My job was to make sure our pyfairdatatools package was bug-free and working smoothly by writing tests to confirm the effectiveness of the validation code. I implemented the following steps to achieve our goal.

Understanding the Schema: Understanding how our data should be structured. For example: figuring out which parts were essential and which were optional.
Building the Test Checklist: I harnessed Excel to create a detailed checklist, documenting each aspect of the schema we needed to test.
Crafting Test Scenarios: Developed a range of test scenarios using pytest, guided by our checklist to ensure no error slipped through.
Optimising the Code: Aimed to make our code more efficient by consolidating tests from various functions and keeping the comments clear and concise.

Through my process, I have successfully increased test coverage for our code from 30% to 80%. This means the test covers 80% of the code lines increasing the reliability of the code to function as intended.

Conclusion

Diving into pytest has been an insightful experience.

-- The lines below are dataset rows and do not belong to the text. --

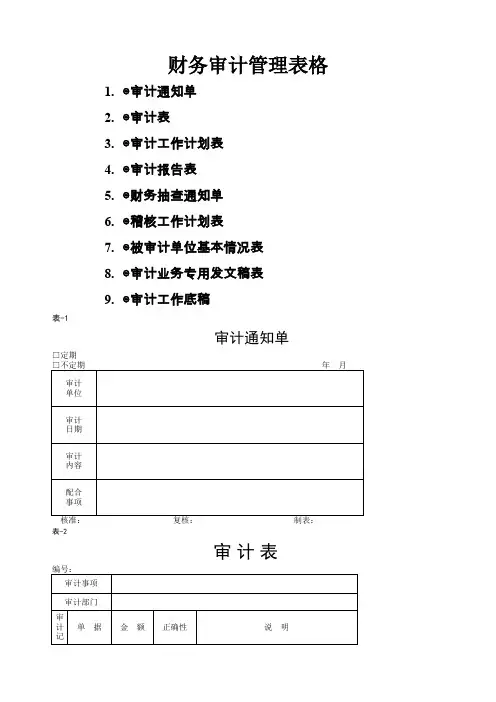 财务审计管理表格个表格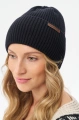 Czapka damska typu beanie z klasycznym prążkowanym splotem Galya Black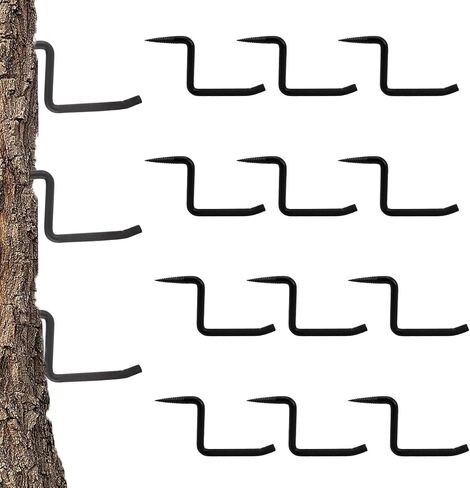 Screw-in Tree Steps 12 Pack, 4 Inch Heavy Duty Tree Steps for Hunting with Anti-Slip Knurling, Self-Tapping Sharp Tip for Tree Stand Climbing, Stealth Black Coating, Holds 705 lbs in Saudi Arabia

It's way more than just a testing tool. It's like a roadmap for our code, making sure everything runs smoothly and as expected, which is important when handling a large volume of data and collaborating with various software developers. I believe this will be very valuable for me as I anticipate developing AI/ML models in the future using Python, and I can foresee using pytest to build code tests.

References

FAIR Data Principles: https://www.go-fair.org/fair-principles/
Nature Article on FAIR Data: https://www.nature.com/articles/sdata201618
pyfairdatatools: https://github.com/AI-READI/pyfairdatatools